Baca’s attorney refused to comment this week when asked if there’s any possibility of a presidential pardon for his client.
Baca is fighting to stay out of custody while he appeals his conviction for conspiring to derail an FBI probe into corruption in the jail system.
“I can’t comment one way or the other,’” Baca’s attorney Nathan Hochman told City News Service.
Hochman was asked if Baca or anyone on his legal team had approached the White House about a possible pardon, or if there had been any contact with presidential officials.
“I understand the question,” Hochman said, but he declined to respond further.
Baca, 75, was sentenced to three years in prison in May for his conviction on charges of conspiracy to obstruct justice, obstruction of justice and making false statements.
In a nine-page ruling, U.S. District Judge Percy Anderson found in July that Baca had “failed to raise a substantial question likely to result in reversal or new trial.”
Hochman said he plans to present evidence to show that a reversal is warranted based on judicial error and Baca should remain free while those issues are explored.

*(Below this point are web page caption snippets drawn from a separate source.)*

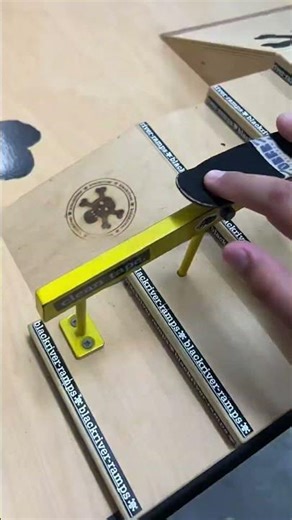 #fingerboarding at #radicalfingerboards #fingerboard #fingerskateboard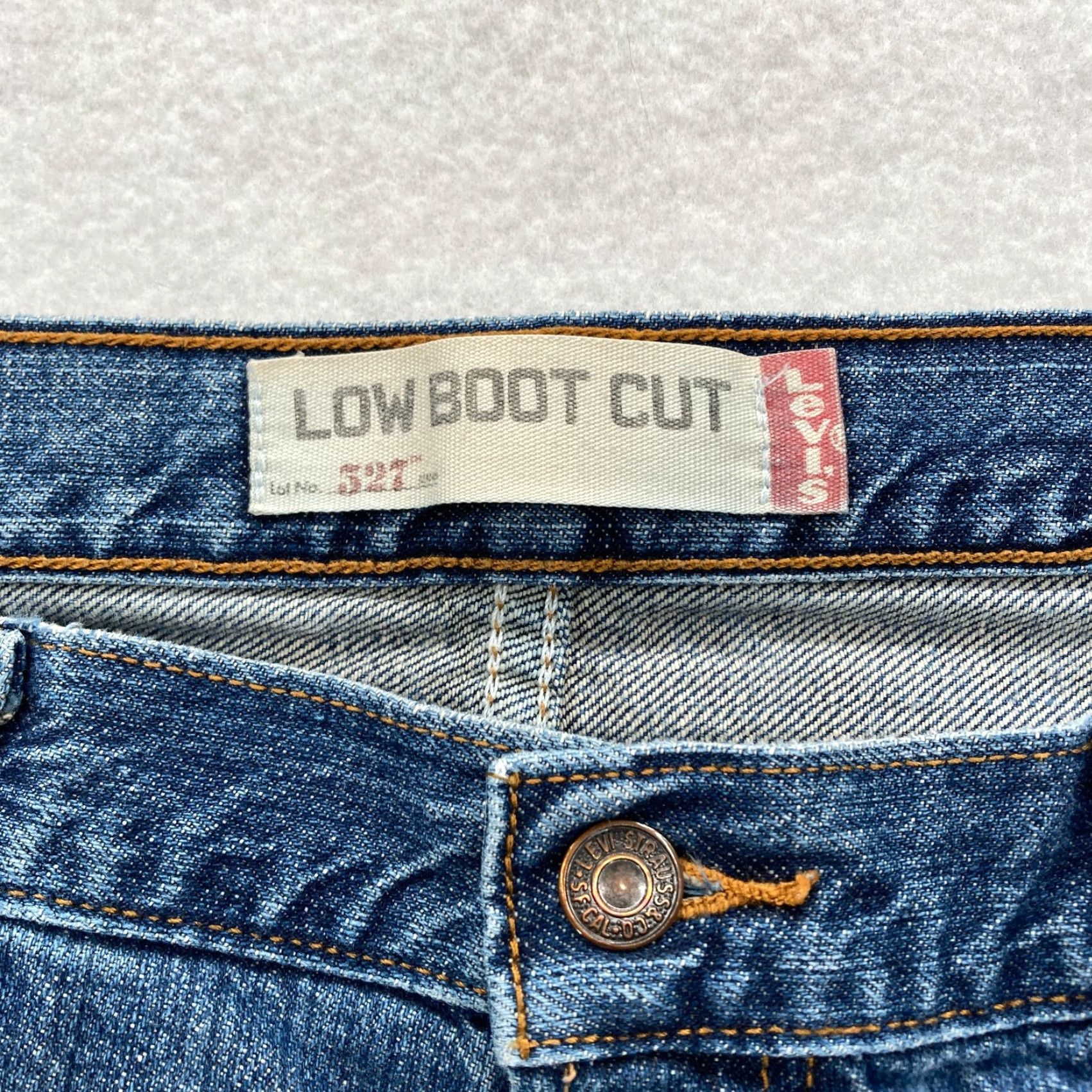 Levi's Levi's 527 Jeans Mens 38x32 Low Rise Bootcut Medium Wash Blue Denim Grunge Y2K Size US 38 / EU 54 - 4 Thumbnail
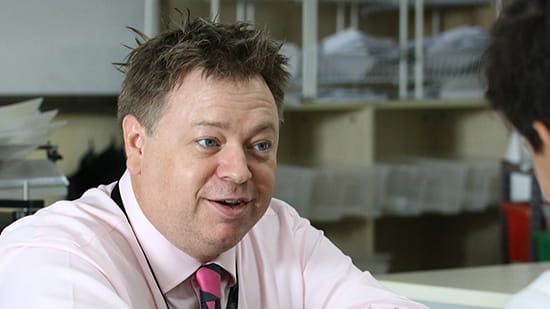 学校师资介绍与办学理念 | 上海英国学校浦西校区 - Feature Cards Tabs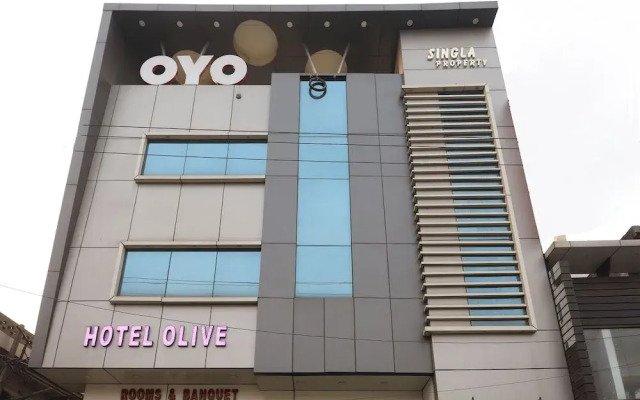 OYO 28017 Hotel Olive
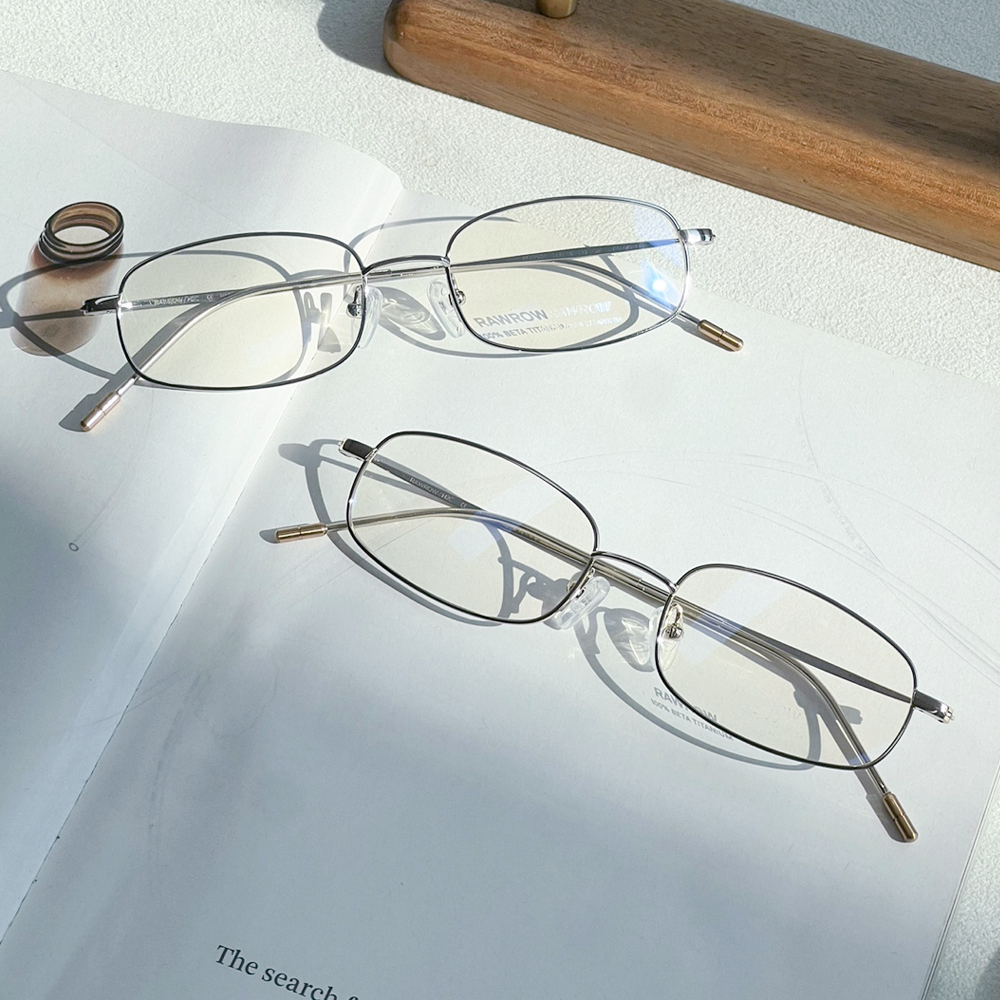 로우로우 안경 R EYE 190 ROSEGOLD 로즈골드 사각 베타티타늄 가벼운 안경테 - 상세 이미지 3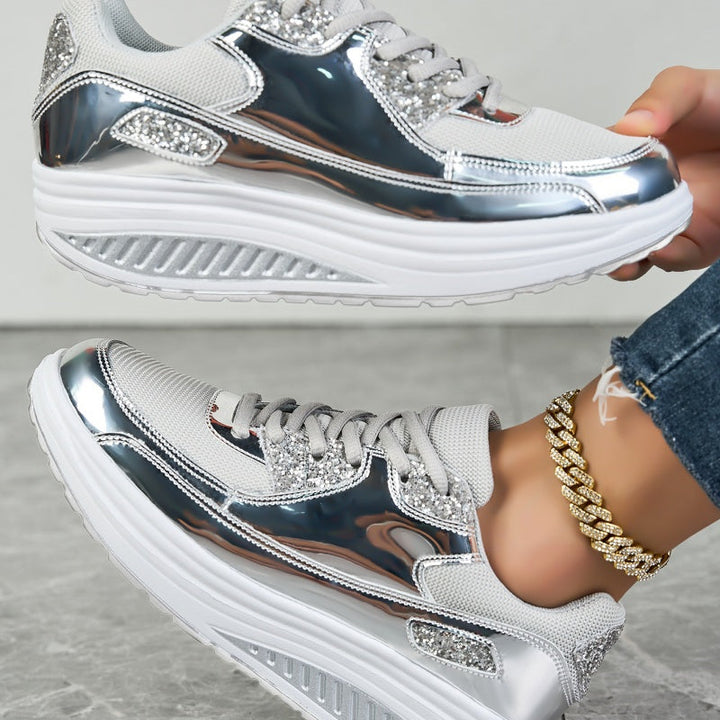 Paar Damen Glitzer Sneaker, modische Komfortschuhe für Winter 2025, perfekt für jeden Anlass.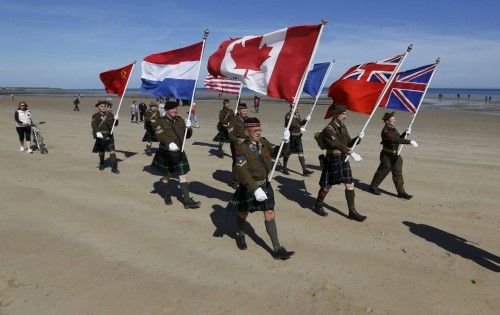 Obama, Hollande y la Reina de Inglaterra han estado presentes en los actos en recuerdo al desembarco de Normandía.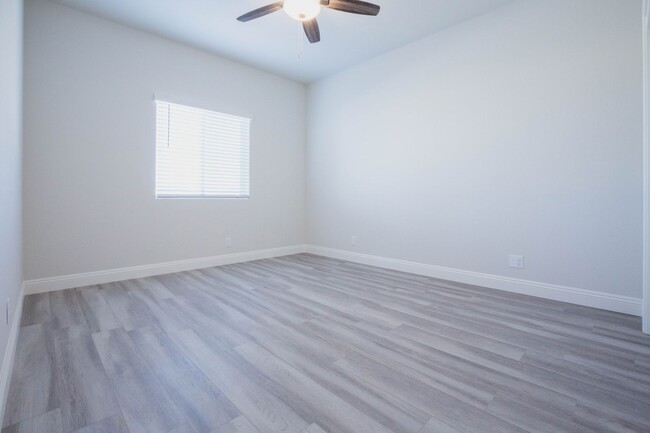 Building Photo - Beautiful 4 bed, 2 bath home AVAILABLE for...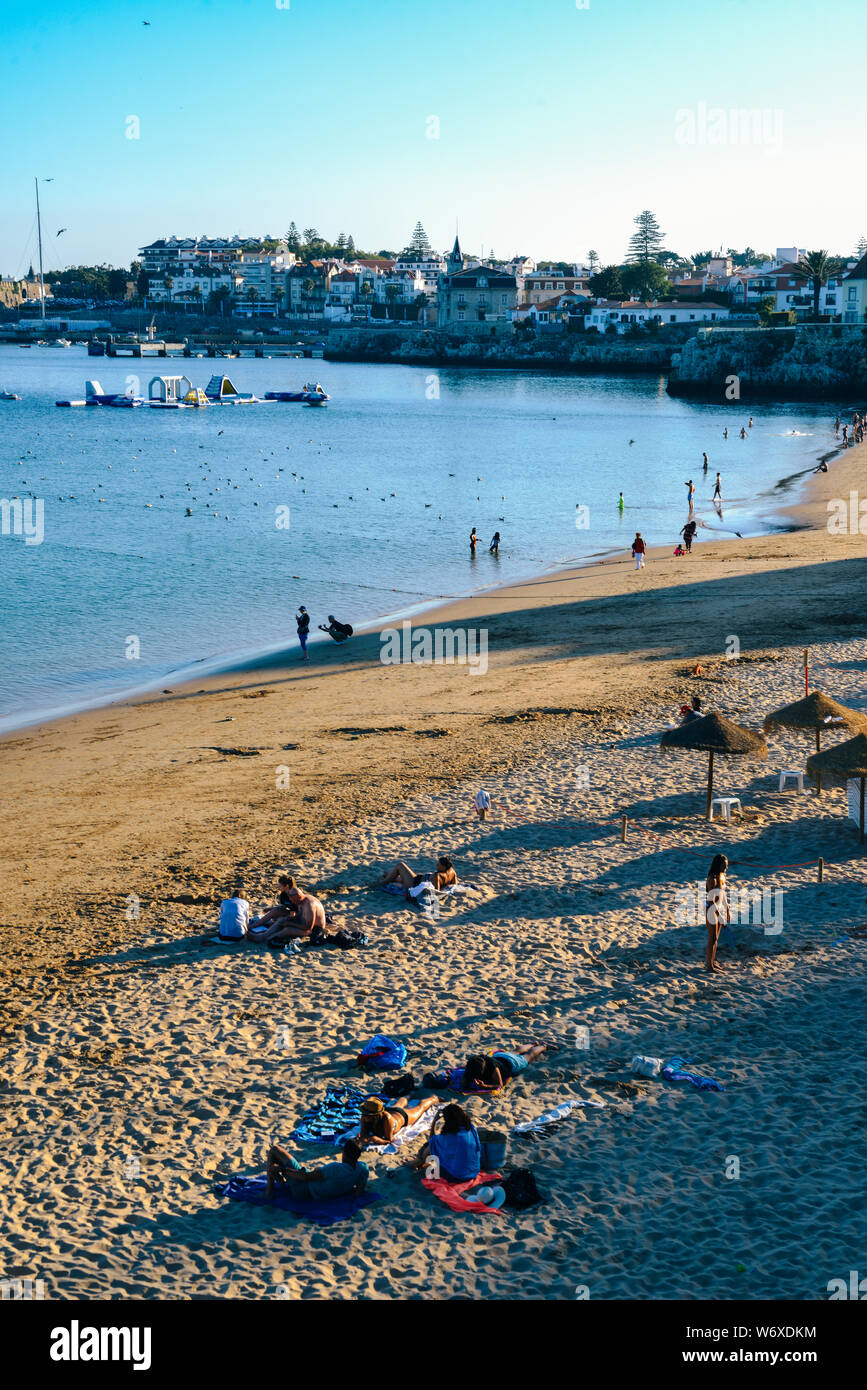 Cascais, Portugal - August 3rd, 2019: Leere Sandstrand Praia da Conceição in Cascais in der Nähe von Lissabon, Portugal im Sommer bei Sonnenuntergang Stockfoto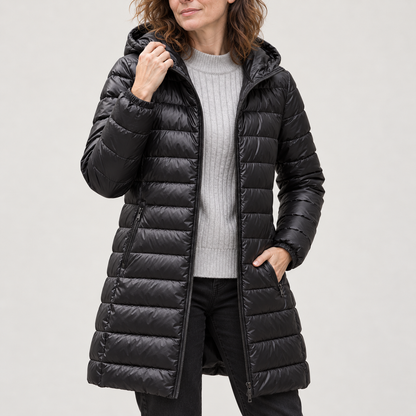Chaquetón de plumón largo negro con capucha, plano medio de estudio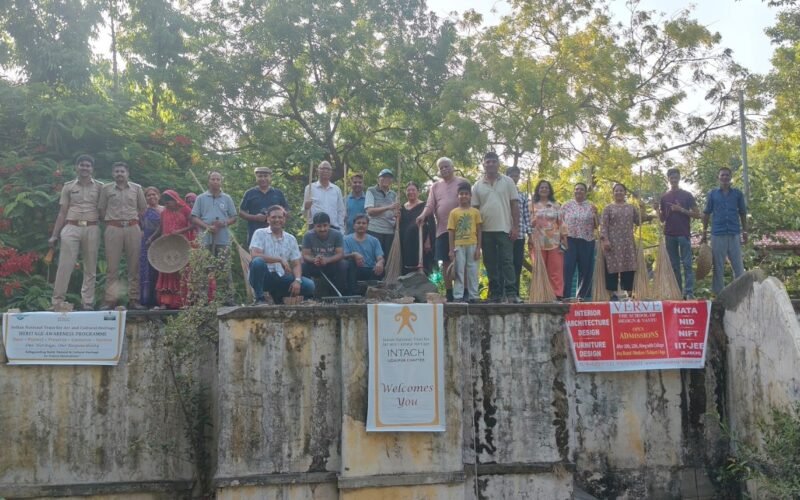 इंटैक द्वारा पक्षी उद्यान बावड़ी में चला विशेष संरक्षण एवं सफाई अभियान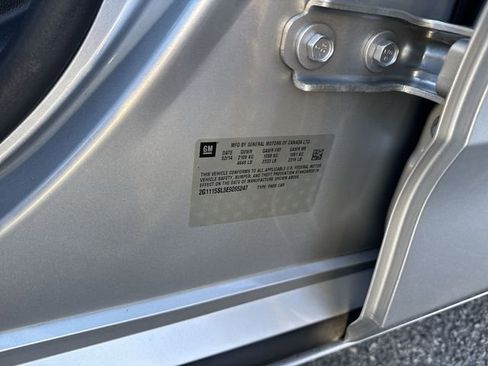 Used 2014 Chevrolet Impala LT w/ Convenience Package image 32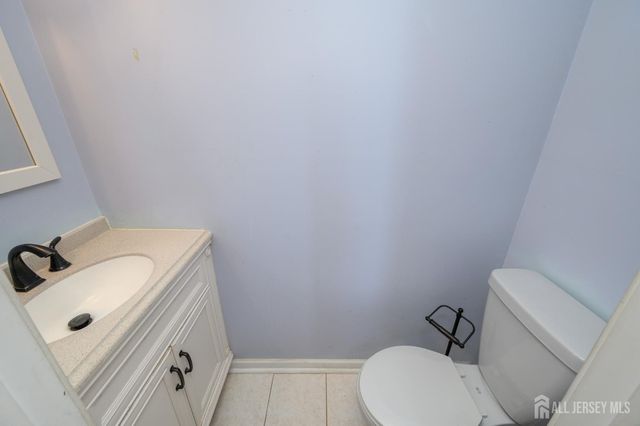 21 Bailly Drive, Burlington Twp, NJ 08016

After Trump publicly speculated about a pardon for Arpaio, the president announced Aug. 25 that he had granted the pardon.
Arpaio is the former sheriff of Maricopa County in Arizona. He was found guilty in federal court of criminal contempt. He ignored an order to stop his deputies from detaining people just because the law enforcement officers thought individuals looked like illegal immigrants.
Trump said Arpaio has “done a great job for the people of Arizona, he’s very strong on borders, very strong on illegal immigration, he is loved in Arizona.
“I thought he was treated unbelievably unfairly when they came down with their big decision to go get him.”
Without any comment from Baca’s attorney, it’s difficult to know what Trump thinks of Baca.
During Baca’s two trials, prosecutors described the ex-lawman as being the top figure in the multi-part conspiracy, which also involved his former right-hand man, Paul Tanaka, and eight deputies who took orders from the sheriff.